To realize those ambitions, Loren added horns and strings to the arrangements in a more extensive way than she has in the past, though with a light and always effective touch. These additional musicians, William Seiji Marsh and Gallo on guitars, David Larsen on saxophone,Joe Freuen on trombone, Dana Heitman on trumpet, Rob Birdwell on flugelhorn and trumpet, and Katherine Dudney on cello, join Loren’s longtime core band, (pianist and co-producer Matt Treder, bassist Mark Schneider and drummer Brian West) featured on the majority of the singer’s releases to-date. Together the ensemble subtly nods toward classic soul blues sounds within a modern jazz context.
Butterfly Blue begins on a more winsome note, however, with the wordless vocal melody of Loren’s “Yellow Bird.” Despite the playfulness of the song’s Tin Pan Alley feel, however, the lyrics fit the album’s darker theme. “The idea of freedom being an internal feeling rather than an external reality came to me in the image of a bird in a cage,” Loren says. “I thought, ‘What might they dream about?’ On the surface, it’s kind of a cute song with a cute melody, but the meaning of the lyric goes deeper into more esoteric notions of how subjective our perceptions of ‘reality’ are, and to what degree we are masters of our own experiences in this life.”

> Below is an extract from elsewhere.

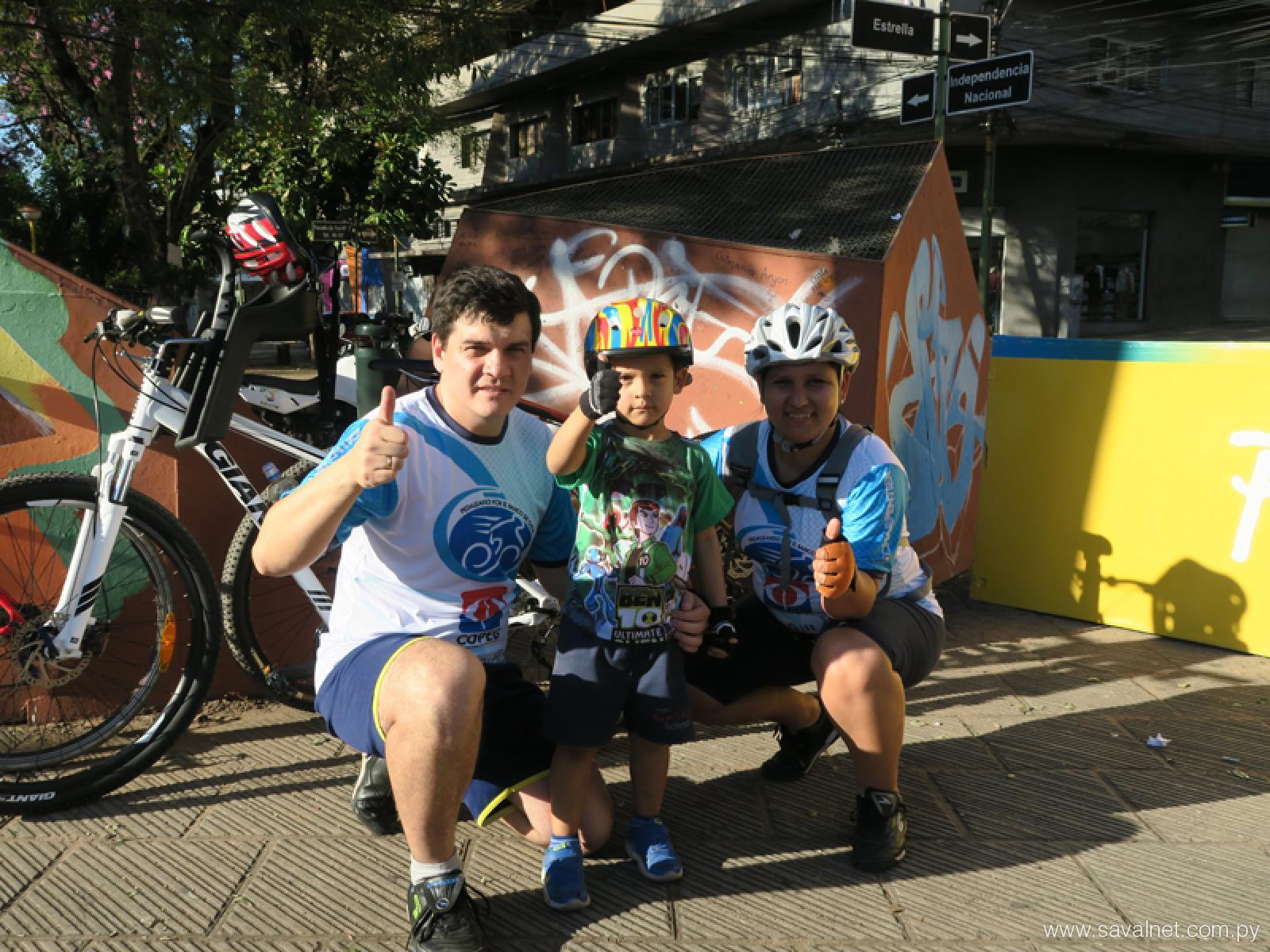 Pedaleando por el Banco de Ojos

The notion of using animals to express deep-felt emotion comes easily to Loren, who has always felt a strong connection to the natural world. Born and raised in Alaska, she’s lived for the last 17 years in Oregon, where she maintains a strong connection to the outdoors.

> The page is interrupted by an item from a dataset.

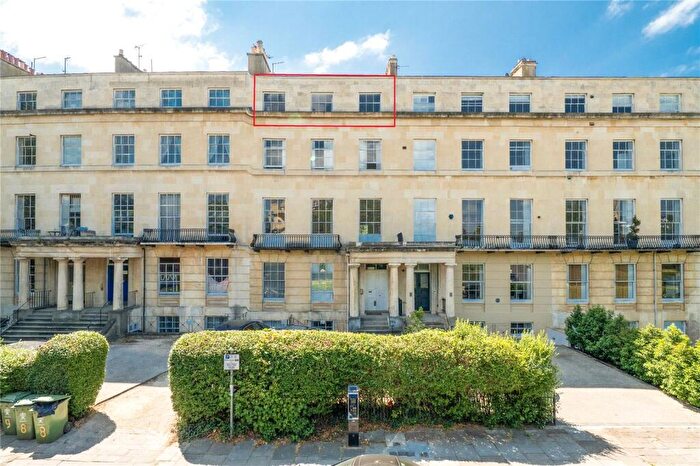 2 Bedroom Apartment For Sale In Lansdown Crescent, Cheltenham, GL50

Loren’s rendition of Charles Trenet’s “I Wish You Love” is a unique hybrid of the original French lyrics, with a brief detour into the better-known but less expressive English lyrics. “Stormy Weather” is stretched into a sultry, teasingly languorous blues, while “Our Love Is Here To Stay” offers a sense of familial nostalgia.
“After The Fall”, the second song penned by Gallo, tells a story of a woman in the winter of life, reminiscing about a long lost love through music that formed the soundtrack for those precious memories of youth. “I had the rare opportunity to hear this song as it was coming into being through hands other than my own: an original song I didn’t write but that was entirely new to the world, crafted with such a richly emotional story and vivid imagery – it was love at first listen.”
“I’ve Got You Under My Skin” continues the album’s theme of emotional or spiritual imprisonment, here captured in the song’s tale of uncontrollable obsession, heightened by the spare, snake-charmer tone of the arrangement. “Boulevard of Broken Dreams” is given a darker-than-usual perspective that illustrates the thoroughfare’s hopeless denizens.
Loren’s “Danger in Loving You” is reprised from her 2010 live recording Stages, and is included as both a long-overdue studio version of the song as well as a tribute to the vocalist’s longtime songwriting partner, Larry Wayne Clark, who passed away in 2013. “Carry Us Through,” lifts the spirits by adding New Orleans accents to singer-songwriter Sarah Masen’s song of survival, and the set ends on a hopeful note with the late Horace Silver’s classic, “Peace.”
Loren explains, “The idea of the song is that if you can find peace inside, everything will be all right with the world outside. I love that it embodies a zen-like quality in both message and music while so beautifully reiterating the concept of freedom being a choice, an internal experience. I thought it would really round out the feeling of the album nicely and bring it back to this place of simplicity.”